思うにこの映画においては、音と光、この二つがとても重要な意味を持っており、太陽光を意味するタイトルからして特に後者が、なのではなく、実は光さえをも音響によってその圧力というか量感のようなものを表現しようとする場面もあることから、等価に扱われているという風に考えたのである。あくまでも私見なのだが、宇宙船の構造や植物プラントの描き方などに見られる通りこの映画に間違いなく大きな影響を及ぼしているダグラス・トランブル(Douglas Trumbull)監督による1972年制作の超傑作映画『サイレント・ランニング』(DVDはユニバーサル・ピクチャーズ・ジャパンから。去年の暮れに出たもので、何と980円!)が持っていたそのタイトル通りの「静けさ」とは対極を目指した映画、ということが出来るかも知れない。
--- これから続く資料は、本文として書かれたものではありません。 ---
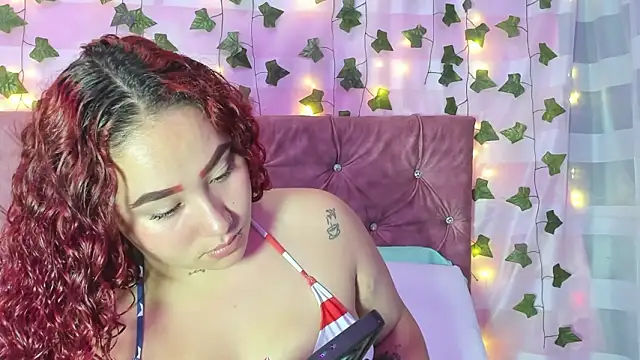 Snapshot of Ayla-marttinez chatting on 8, 3, 2026 Ayla-marttinez online show from 8, 3, 2026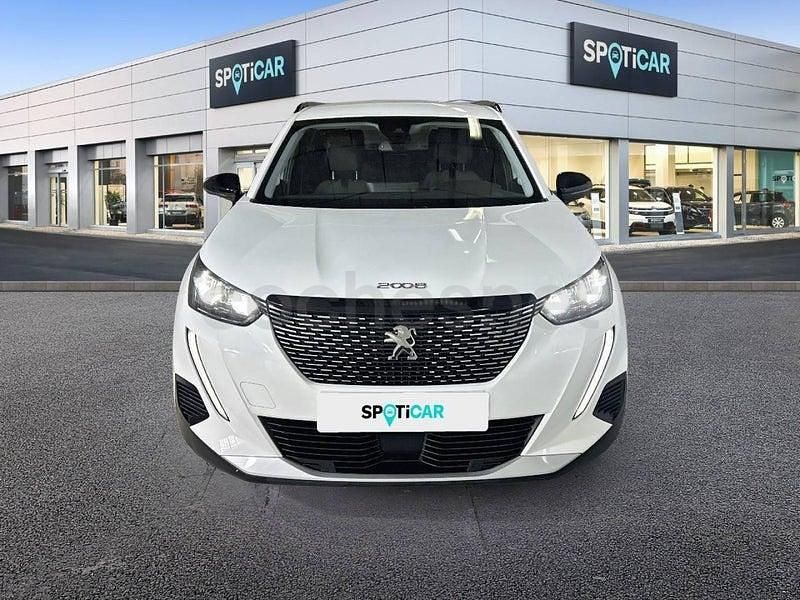 Usado Peugeot 2008 Allure 110 CV (80 kW) 2022 Blanco SUV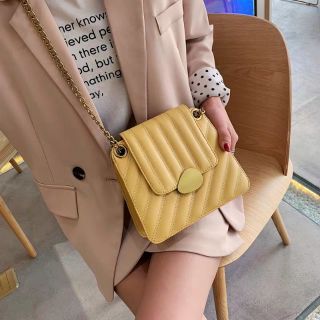Túi đeo chéo nữ dây xích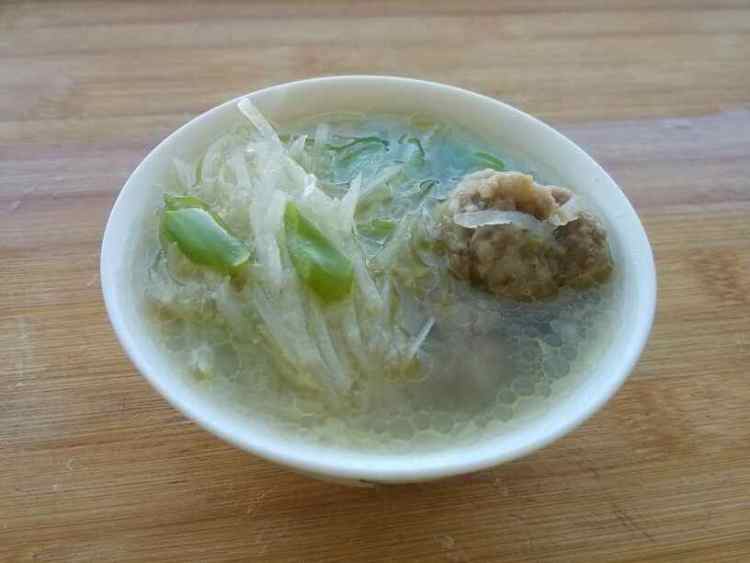 萝卜猪肉丸子汤步骤9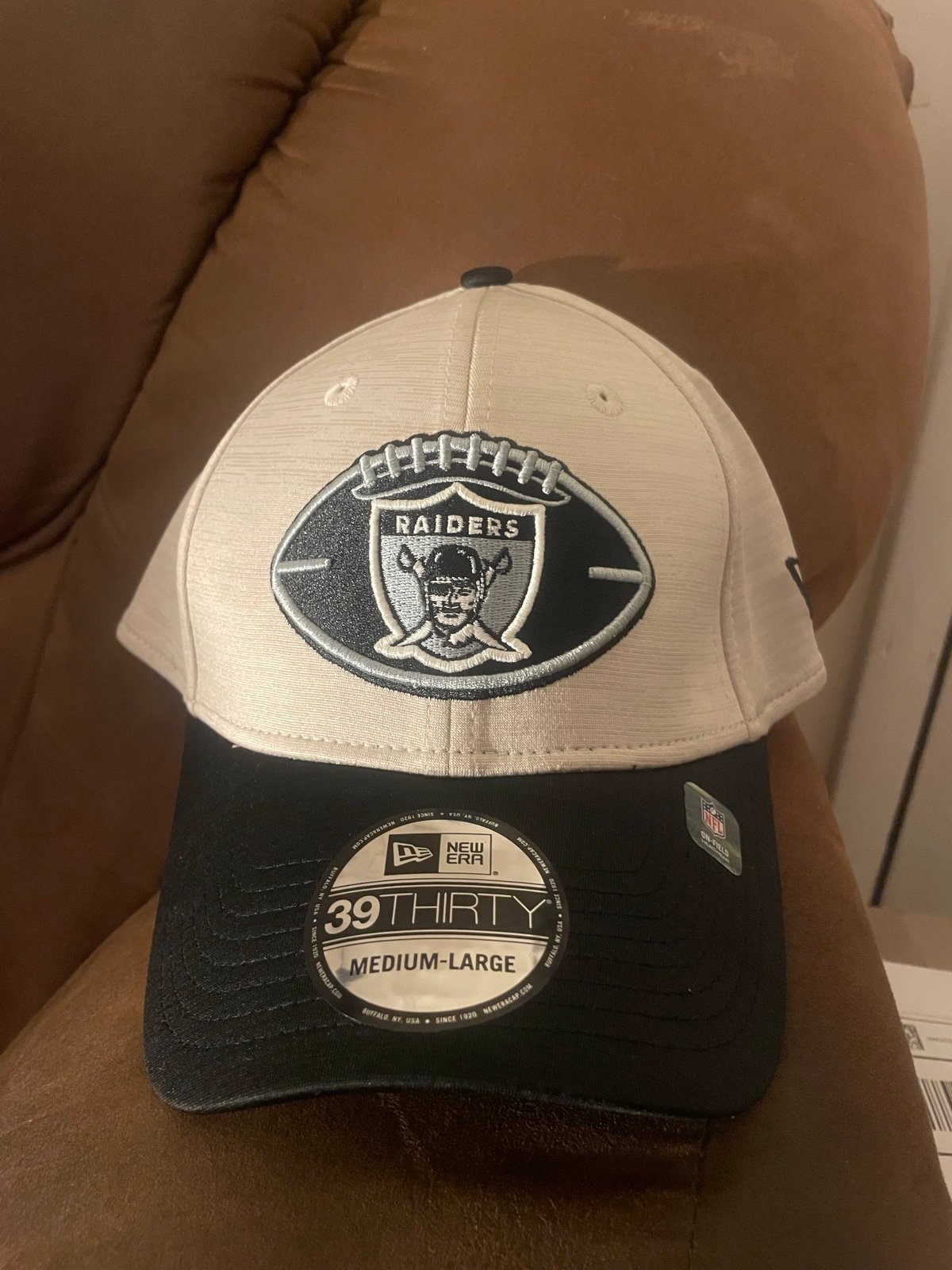 Las Vegas Raiders New Era NFL sideline flexfit hat ML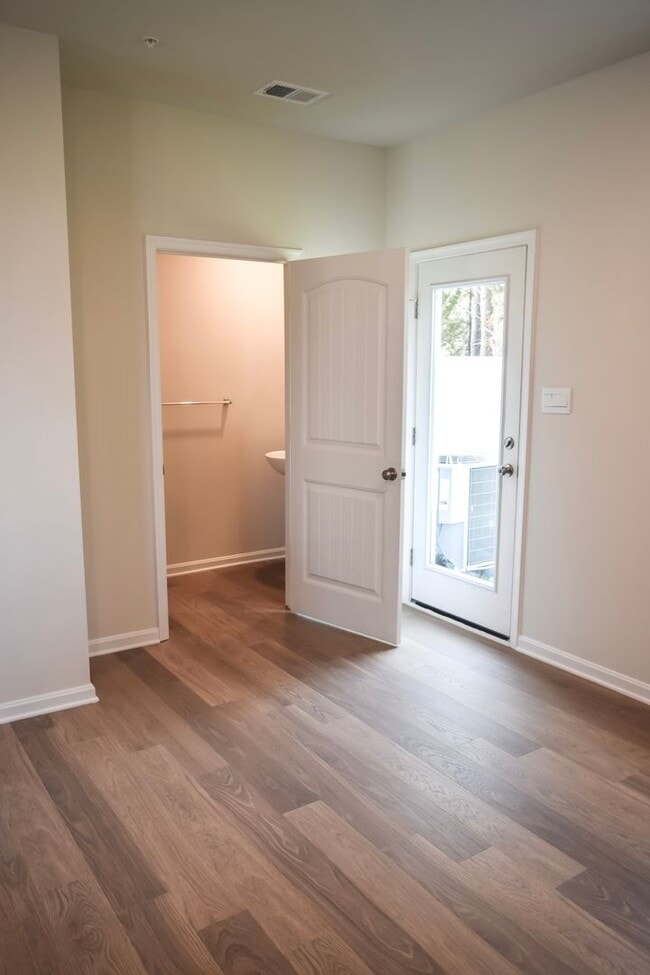 Building Photo - Stunning Brand New End Townhome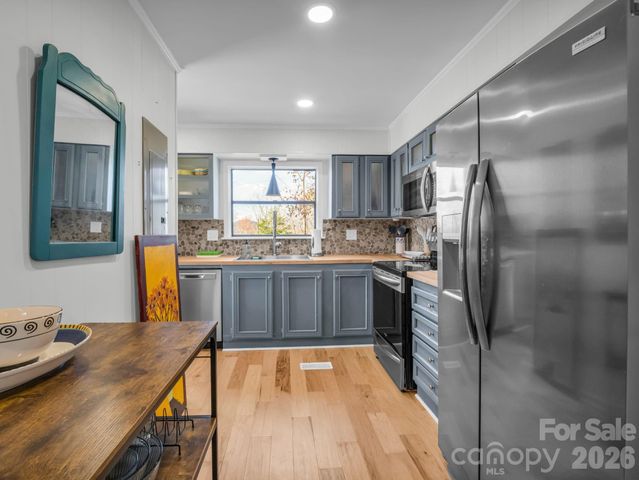 456 Youngs Mountain Drive, Lake Lure, NC 28746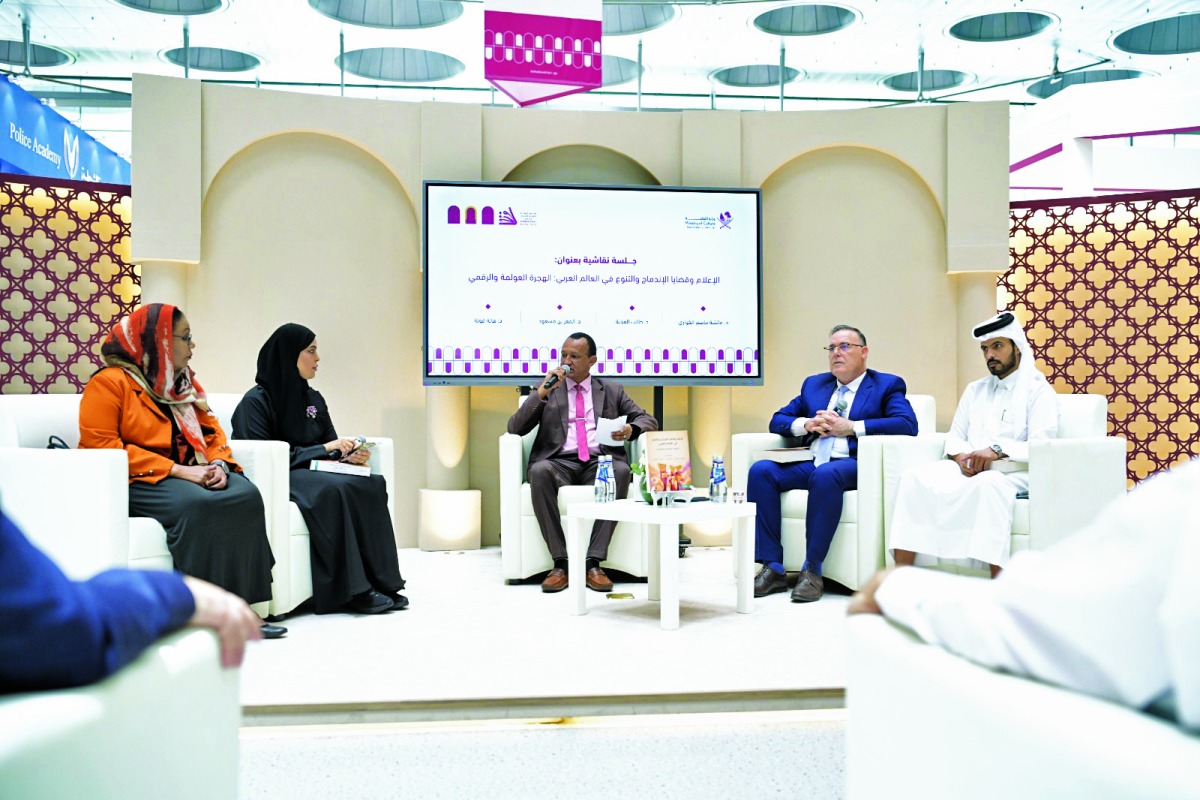 متحدثون في الصالون الثقافي: التحولات الرقمية صنعت واقعاً إعلامياً جديداً بالخليج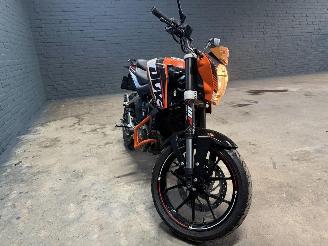 Coche accidentado Audi  KTM Tour 125 Duke 2015/1
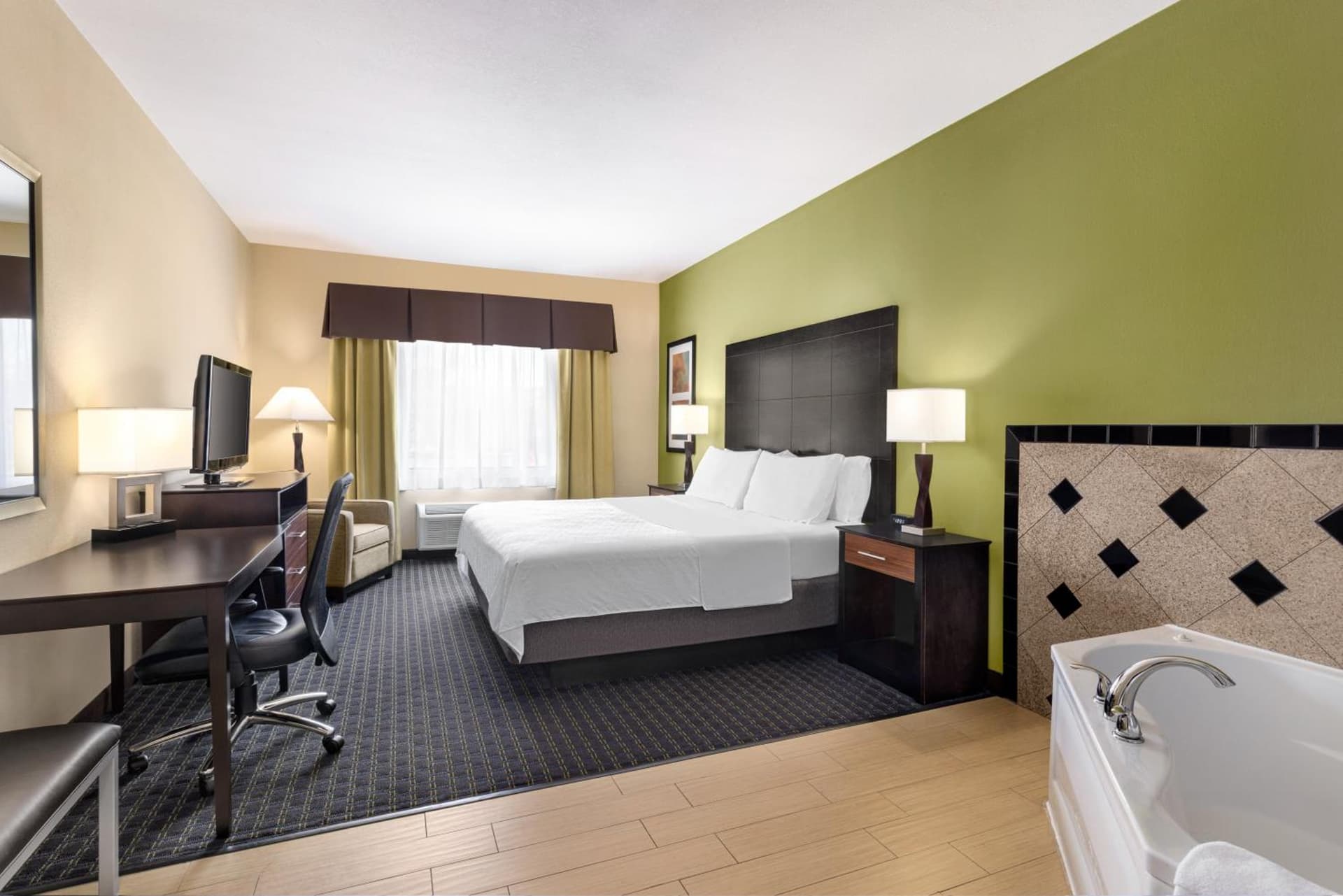 Holiday Inn Express Hotel & Suites Edmond by IHG gallery photo in Edmond, OK — image 55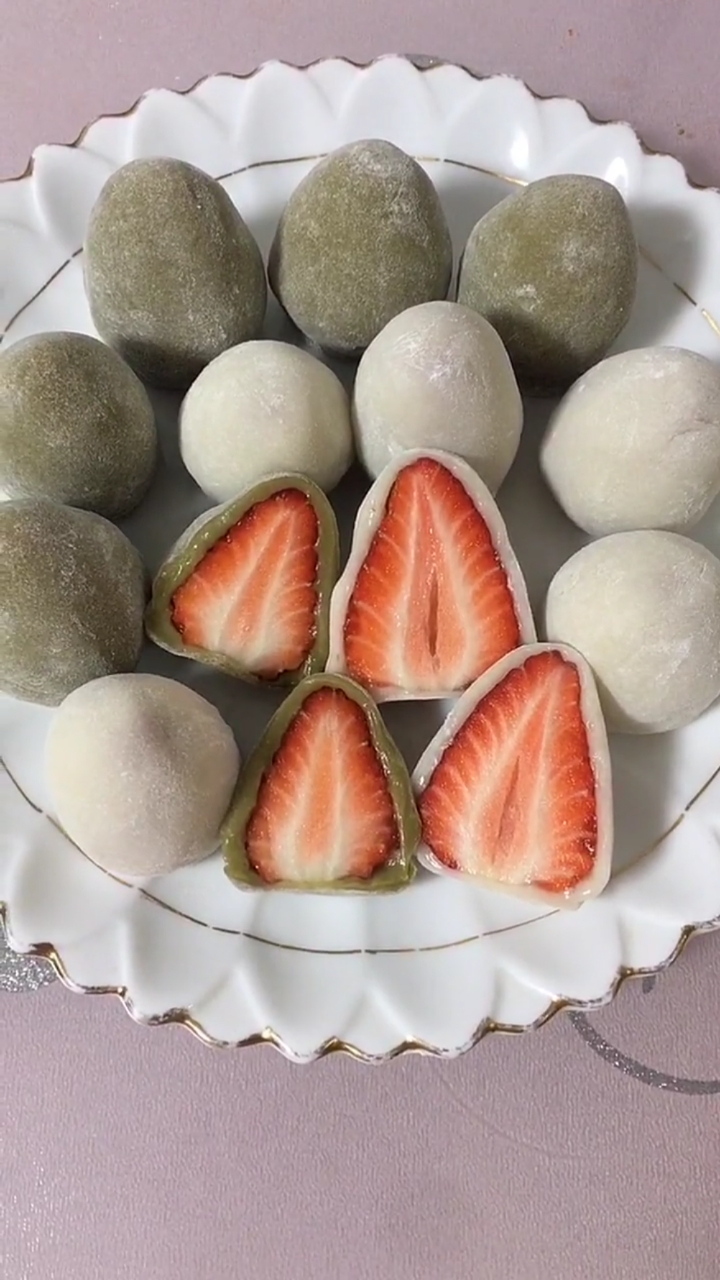 #自制美食#草莓糯米糍做法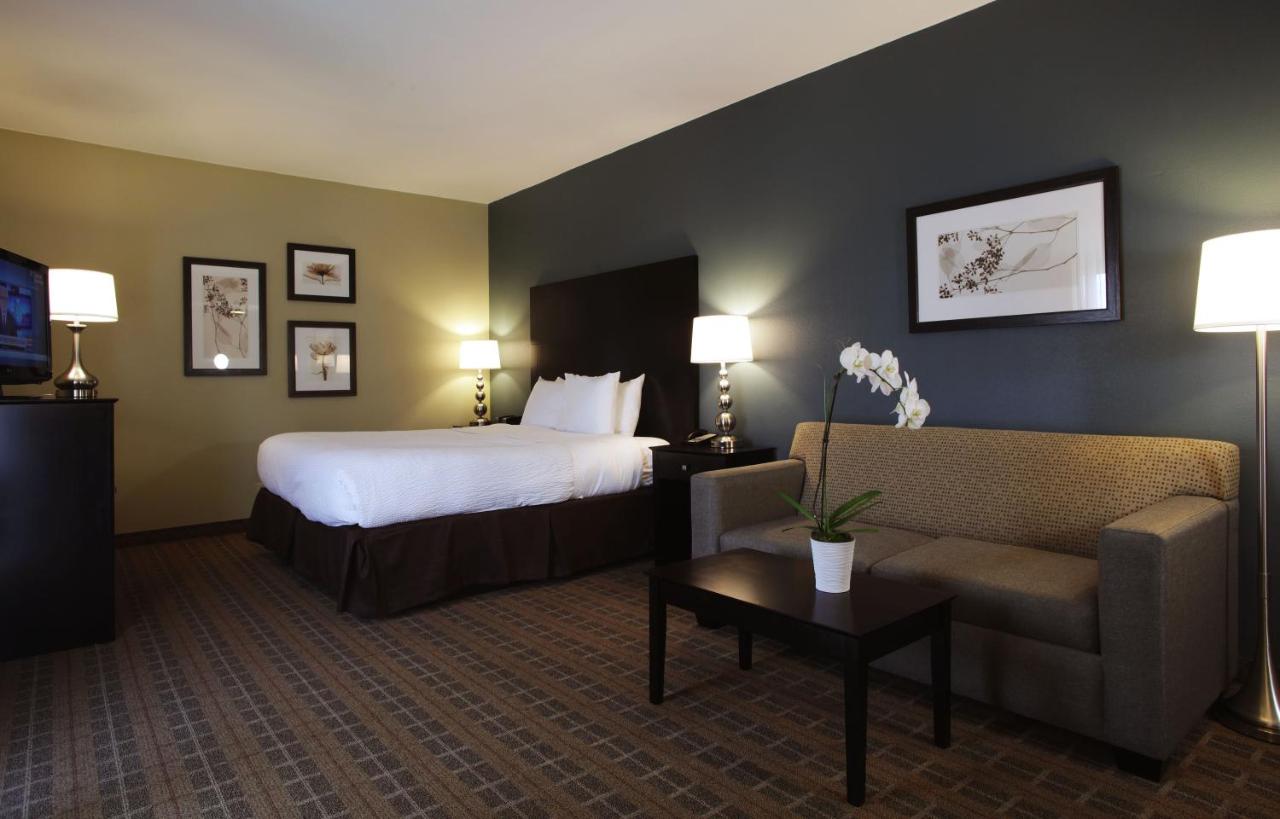 Executive King Room with Sofa Bed at La Cuesta Inn, BW Signature Collection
最後になるが、この映画におけるキリアン・マーフィの熱演振りは特筆に値するもので、アクション・スターには決してなり得ないこの役者が、それだからこそ出来るどちらかと言うと頭脳派の「優しいヒーロー」役を見事に演じている点は強調しておきたいと思う。全然マッチョじゃないトビー・マグワイア(Tobey Maguire)の活躍振りといいこの人の活躍といい、何となくハリウッド映画も転換期を迎えているような気がする。以上。(2007/05/01)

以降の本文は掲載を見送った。